I would say NO to B S A not very good take a look at Muller .
I have a few and love them . Also Nikon have great scopes, 
depends what your putting them on i also have a Nightforce .

Spend as much as you can

Irish


----------



## cwoparson (Aug 23, 2007)

Once upon a time the "you get what your pay for" and "spend more for a scope than you paid for the rifle" was for the most part true and good advice. With todays technology in scope building and lens production I don't believe that holds water anymore, especially for hunting scopes. For bench rest shooters looking for that 1,000 yard moa target it can become a factor but for the rest of us, there are $200 and $300 scopes out there that will perform just as well if not better than a top Leupold. The dusk and dawn factor is another over rated area that I don't concern myself with. In most cases the difference is so minute the average hunter can't tell the difference and it certainly is not worth the extra couple hundred dollars. I'm not slamming those that want or think they need to have a $1,000 and up scope. Just saying that in 99% of the situations they are over priced for the application needs and service for the average hunter.

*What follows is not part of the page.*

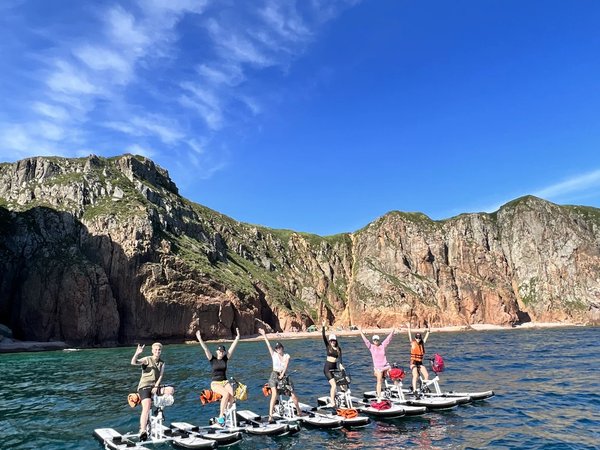 Морская прогулка на водном велосипеде в мини-группе - фото 3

Having said all this, there are scopes that fall into the junk category as far as quality and I view BSA as one of those. I don't know why but even their supposedly better scopes seem to be fuzzy to look through, especially at higher magnification. I've owned a couple in the past and quickly disposed of them. Still, there are those that seem to like them. I've got some Weaver, Bushnell and even a couple high end Simmons scopes I'll put up along side a Leupold any day of the week. I would say on average I spend $250 to $350 for a scope and I don't own a one that I need to get rid of.


----------